To see that \(f \not \equiv 0\), we can use that fact that \(P\) is invertible to evaluate \(f(0) = \operatorname{det}(P) \neq 0\).
We can now note that \(f\) has finite degree, and thus finitely many zeroes in \(R\).
Problem 3
Letting \(k[x] \curvearrowright_\phi E\) to yield a \(k[x]{\hbox{-}}\)module structure on \(E\) and take an invariant factor decomposition, \begin{align*} E = E_1 \oplus E_2 \oplus \cdots \oplus E_t, \quad E_i = \frac{k[x]}{(q_i)}, \quad q_1 \divides q_2 \divides \cdots \divides q_t \end{align*}
where \(E_i = k[x] / (q_i)\). Then \(q_t = q\), the minimal polynomial of \(E\).
In particular, \(E_t\) is a \(\phi{\hbox{-}}\)invariant subspace of \(E\), and if \(\deg q_t = m\), then \(E_t\) is in fact an \(m{\hbox{-}}\)dimensional cyclic module with basis \(\left\{{\mathbf{v}, \phi(\mathbf{v}), \phi^2(\mathbf{v}), \cdots, \phi^{m-1}(\mathbf{v})}\right\}\) for some \(\mathbf{v} \in E_t\).
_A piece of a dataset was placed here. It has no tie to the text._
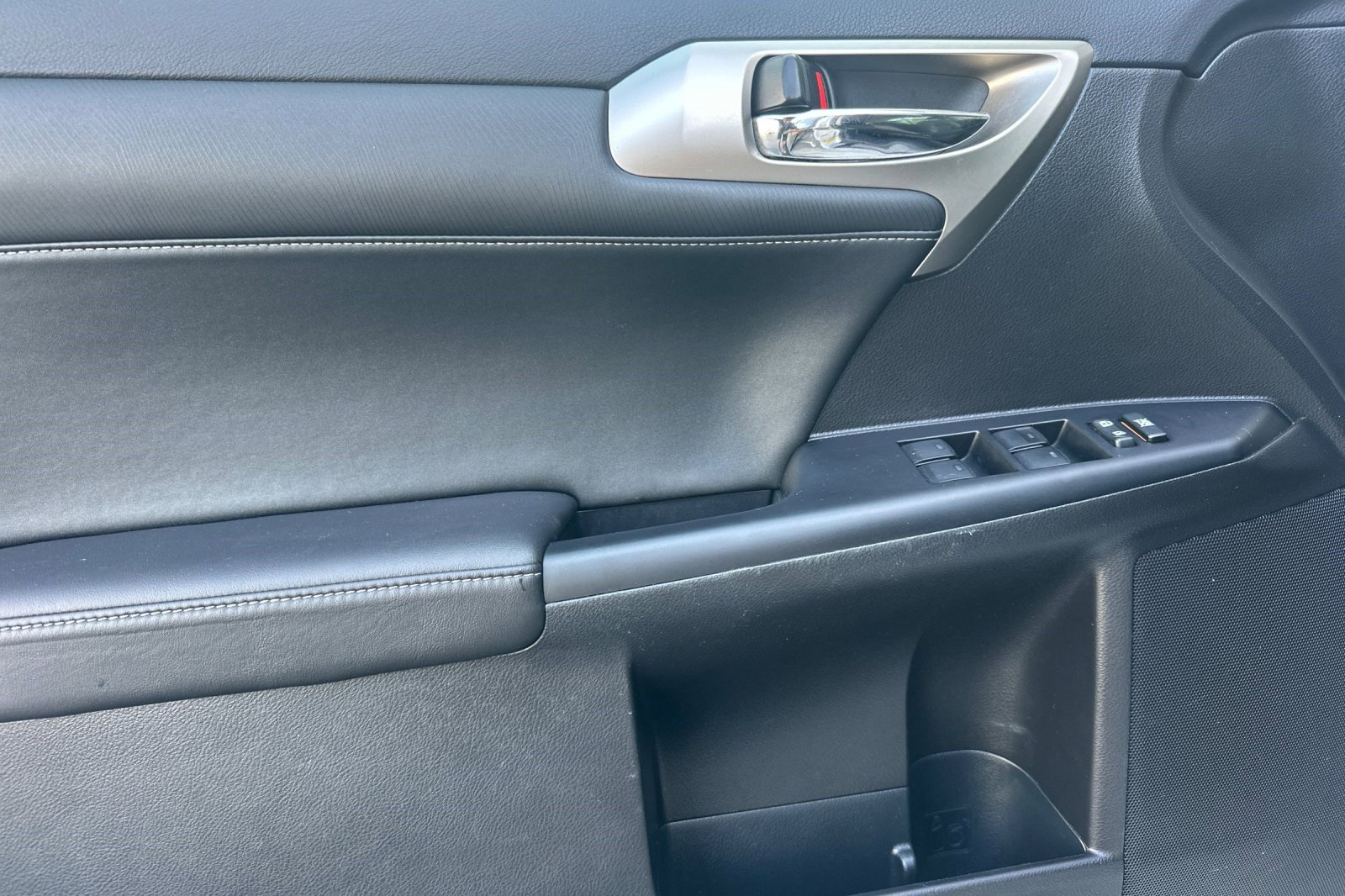 Used 2015 Lexus CT 200h image 12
But since \(E_t \leq E\) is a subspace, we have \begin{align*} m = \deg q(x) = \deg q_t(x) = \dim E_t \leq \dim E. \end{align*}
Problem 4
\(\implies\): Suppose \(A \sim D\) where \(D\) is diagonal. Then \(JCF(A) = JCF(D) = D\), which means that every Jordan block of \(A\) has size exactly 1.
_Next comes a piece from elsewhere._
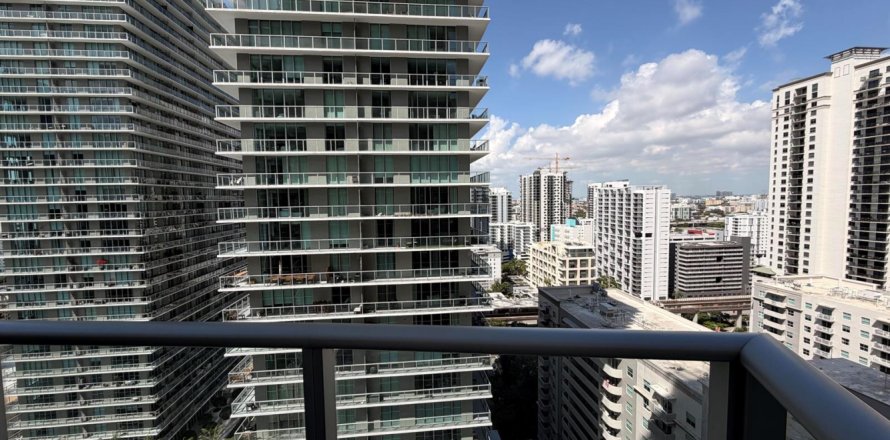 Condo à Miami, Floride, 3 pièces  № 2146839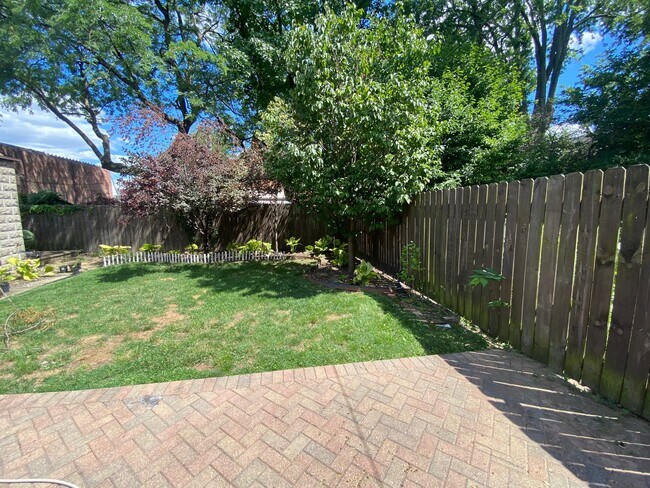 Building Photo - 638 S Pearl St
Since the elementary divisors of \(A\) are precisely the minimal polynomials of the Jordan blocks of \(A\), and the minimal polynomial of any \(1\times 1\) matrix \([a_{ij}]\) is given by the linear polynomial \(x - a_{ij}\), every elementary divisor of \(A\) must be linear.
\(\impliedby\): Suppose all of the elementary divisors of \(A\) are linear. Every elementary divisor is the minimal polynomial of a Jordan block of \(A\), and so if we write \(JCF(A) = \bigoplus M_i\), then the minimal polynomial of each \(M_i\) is linear.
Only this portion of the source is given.